> _YOUR ASSIGNMENT_:
Your copy should hold only the lines from the one holding "Lavoar pe Blat, Milo, Marmura" through the last line of the records below, both included, each exact and with no pictures.
--- DATASET RECORDS Enclosed Below ---
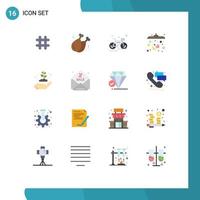 Set of 16 Modern UI Icons Symbols Signs for ecology sleep bicycle mobile race Editable Pack of Creative Vector Design Elements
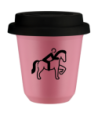 Kubek hot pink 80 ml, JEZDZIECTWO 2 (czarny) z pokrywka czarna kubek termiczny na kawe | 70,00 zł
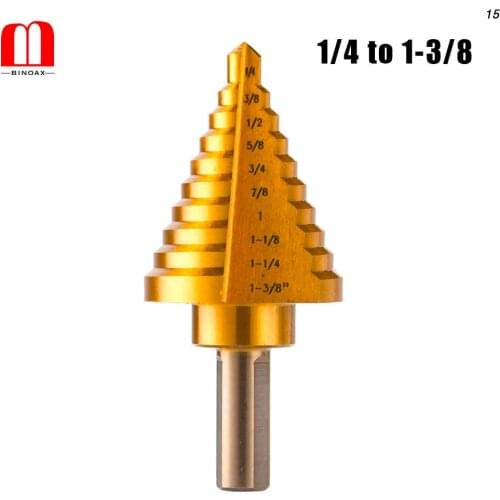 10 Sizes Titanium Step Drill Bit 1/4 to 1-3/8 Inches 4241HSS Drill Cone Bits for Sheet Metal Hole Drilling Cutting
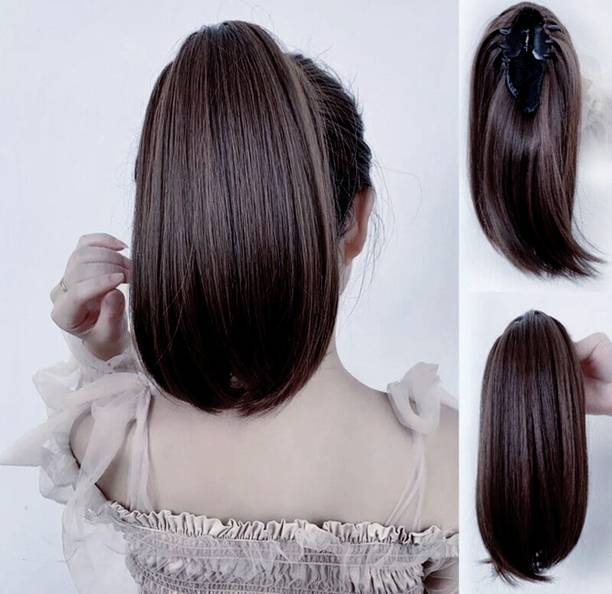 ALX 10 INCH BEAUTIFUL BROWN INSTANT HAIR STYLE CLACHAR PONYTAIL ACCESSORY Hair Stamp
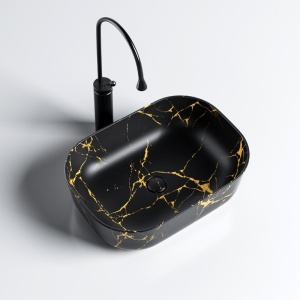 Lavoar pe Blat, Milo, Marmura Ceramica Negru Mat cu Model Auriu , Dreptunghiular 45,5 x 32,5 x 13,5 cm - Img 8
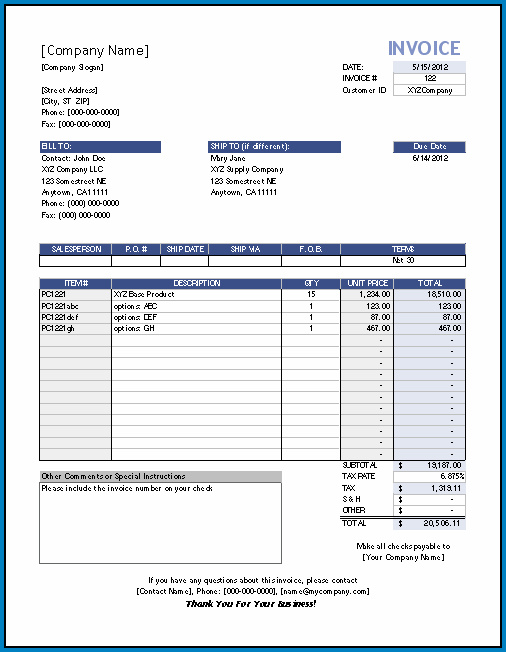 Invoice Template Excel Sample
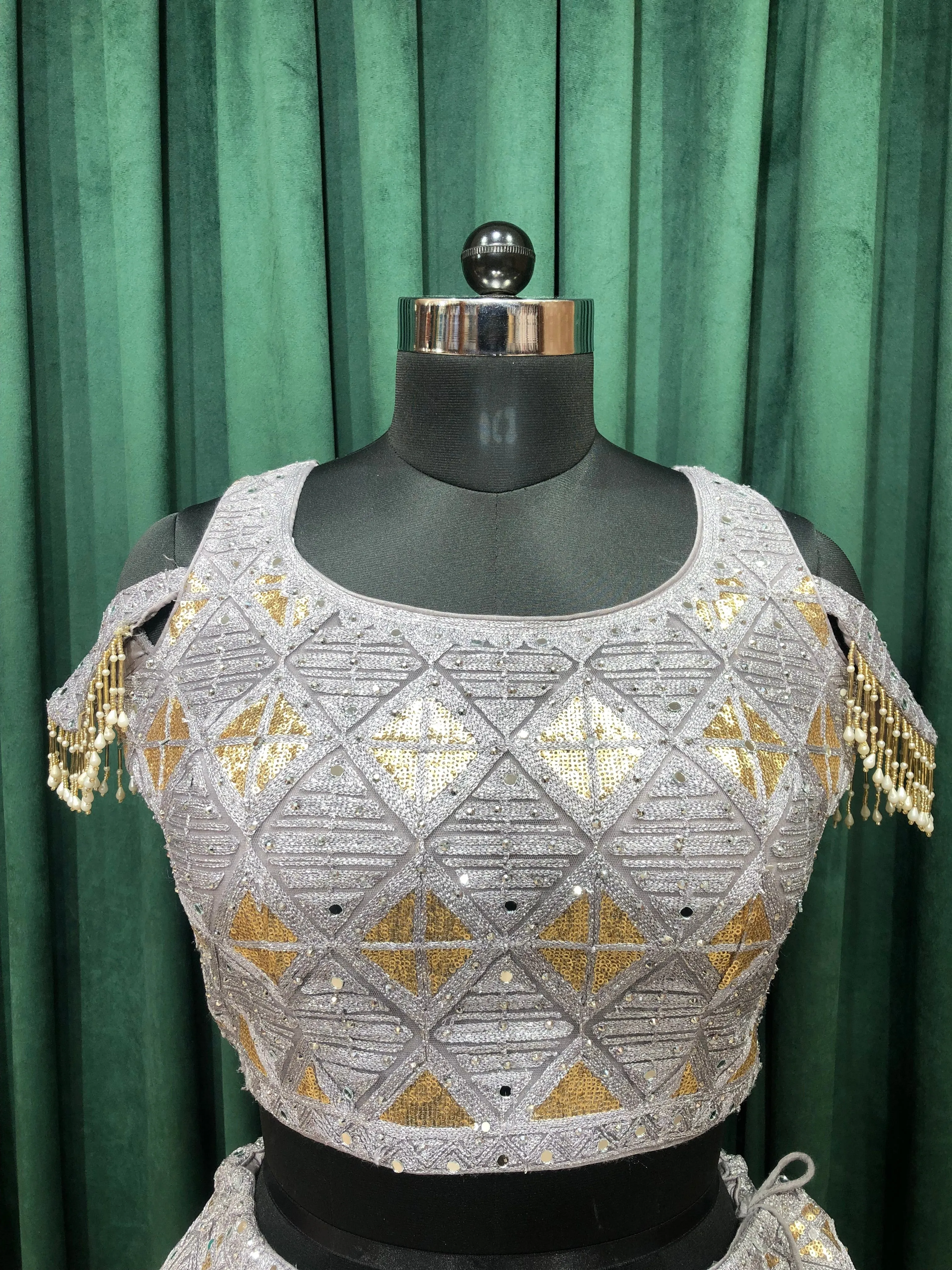 Gray Net Lehenga With Sliver Zari And Gold Sequence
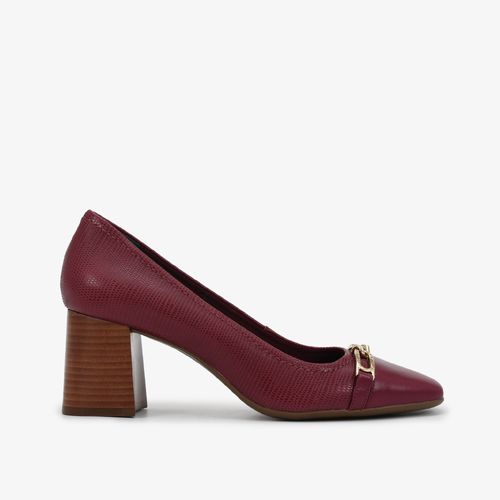Scarpin Vinho Dark Cherry Salto Bloco Médio Couro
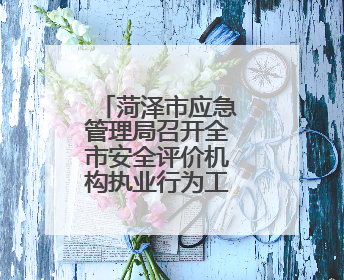 菏泽市应急管理局召开全市安全评价机构执业行为工作座谈会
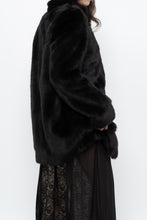 Load image into Gallery viewer, BABATON x Black Faux Fur Dress Coat (XS, S)
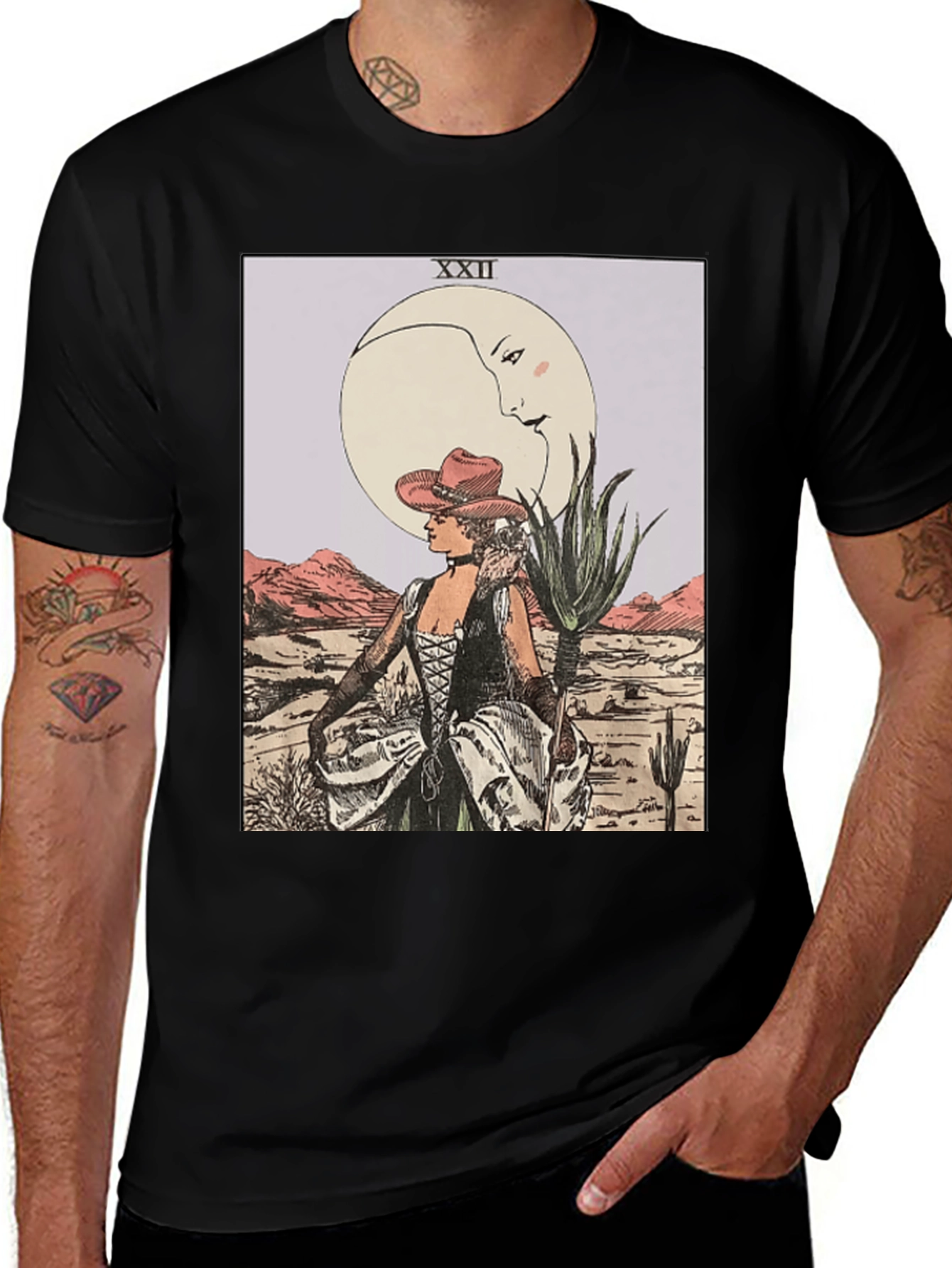 Moon Tarot Card Graphic T-Shirt - Desert Cowgirl Design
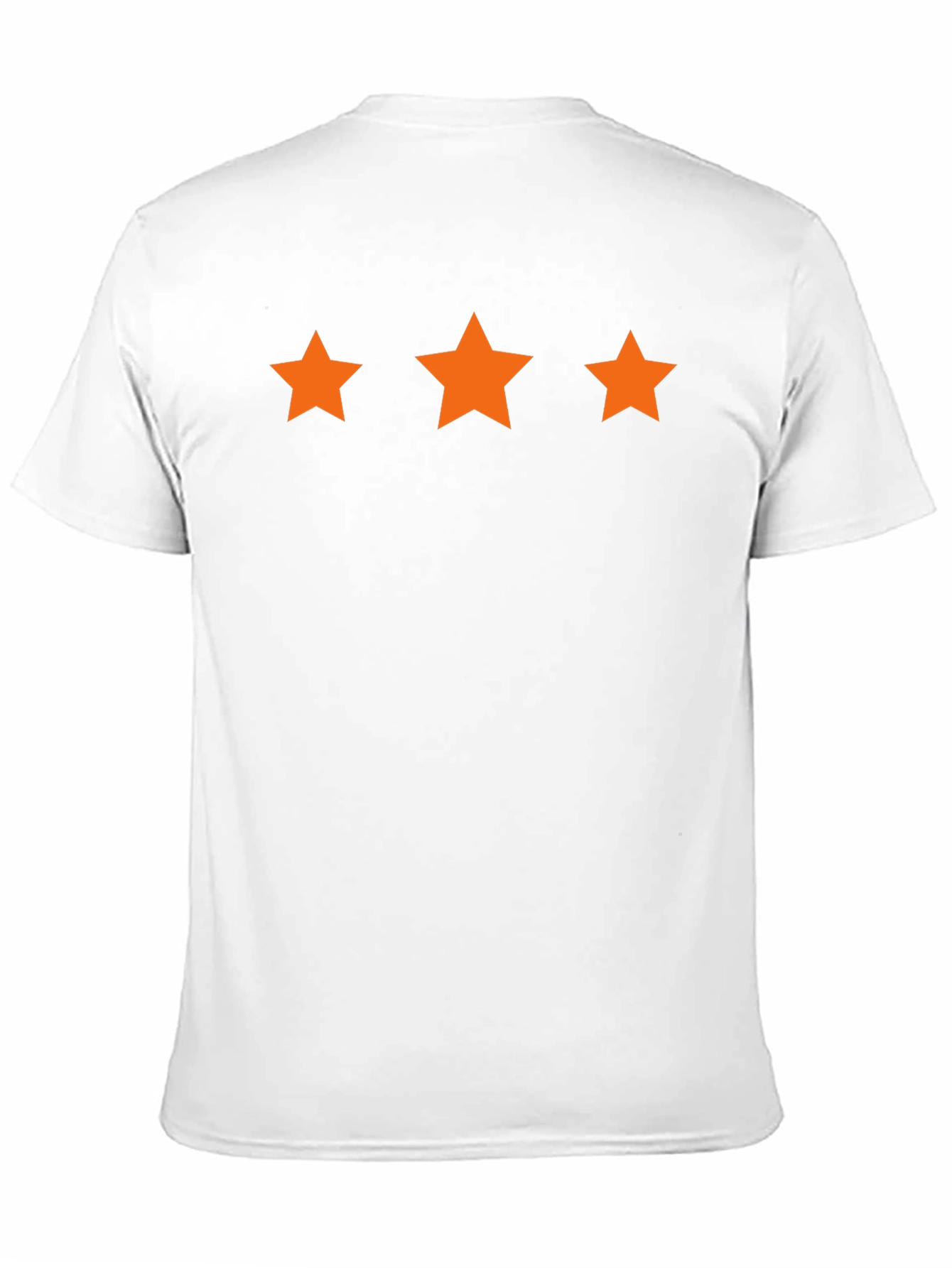 Mens Black T-Shirt with Three Orange Stars Design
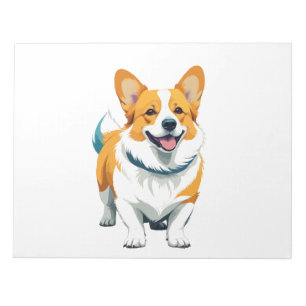 Corgi Vector Art with 鮮やか Colors ノートパッド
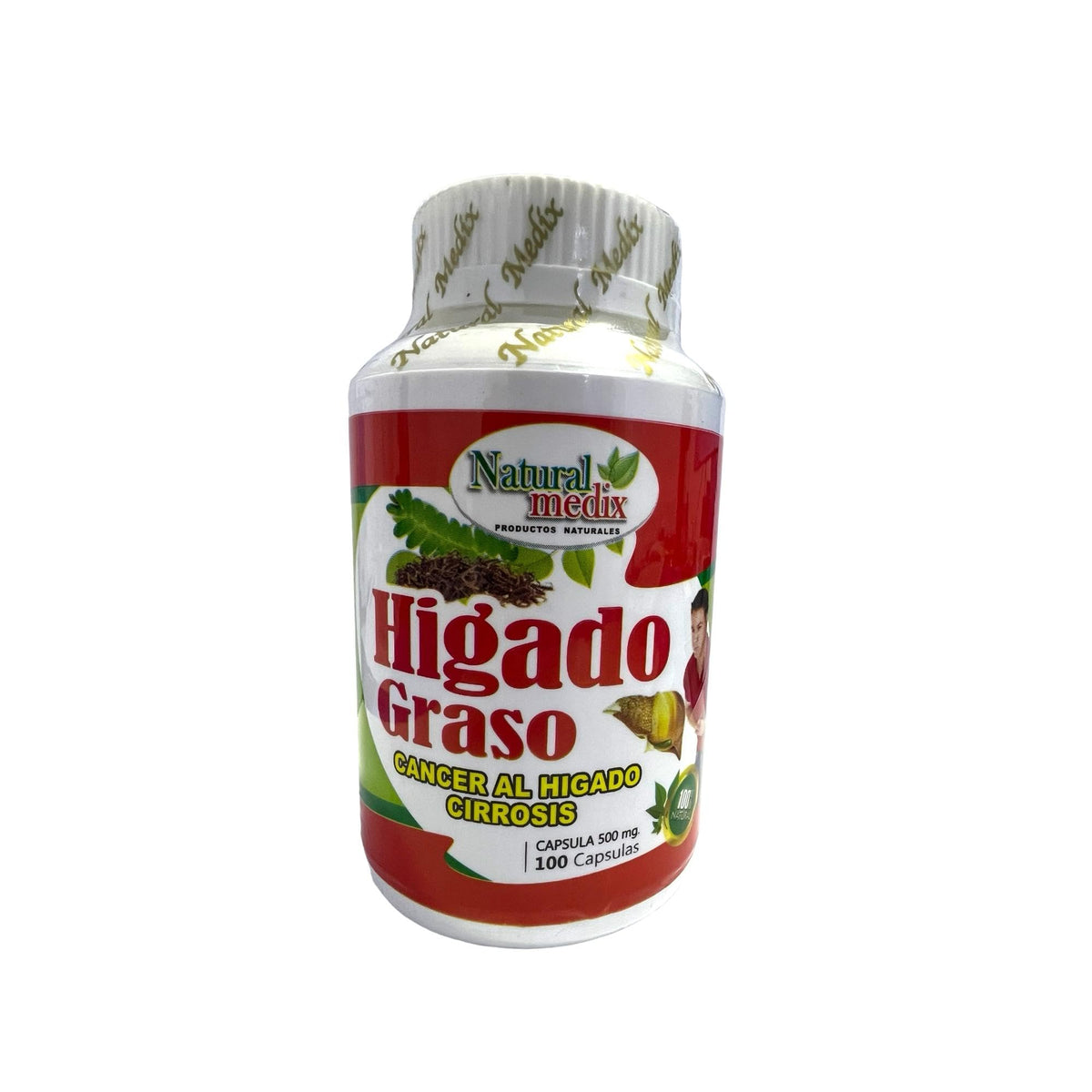 Natural Medix envase frontal mostrando nombre y 100 cápsulas, claridad informativa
--- End of Enclosed DATASET RECORDS ---
> _RESULT OF THIS EXERCISE_:
 Lavoar pe Blat, Milo, Marmura Ceramica Negru Mat cu Model Auriu , Dreptunghiular 45,5 x 32,5 x 13,5 cm - Img 8
 Invoice Template Excel Sample
 Gray Net Lehenga With Sliver Zari And Gold Sequence
Scarpin Vinho Dark Cherry Salto Bloco Médio Couro
 菏泽市应急管理局召开全市安全评价机构执业行为工作座谈会
 Load image into Gallery viewer, BABATON x Black Faux Fur Dress Coat (XS, S)
 Moon Tarot Card Graphic T-Shirt - Desert Cowgirl Design
 Mens Black T-Shirt with Three Orange Stars Design
 Corgi Vector Art with 鮮やか Colors ノートパッド
 Natural Medix envase frontal mostrando nombre y 100 cápsulas, claridad informativa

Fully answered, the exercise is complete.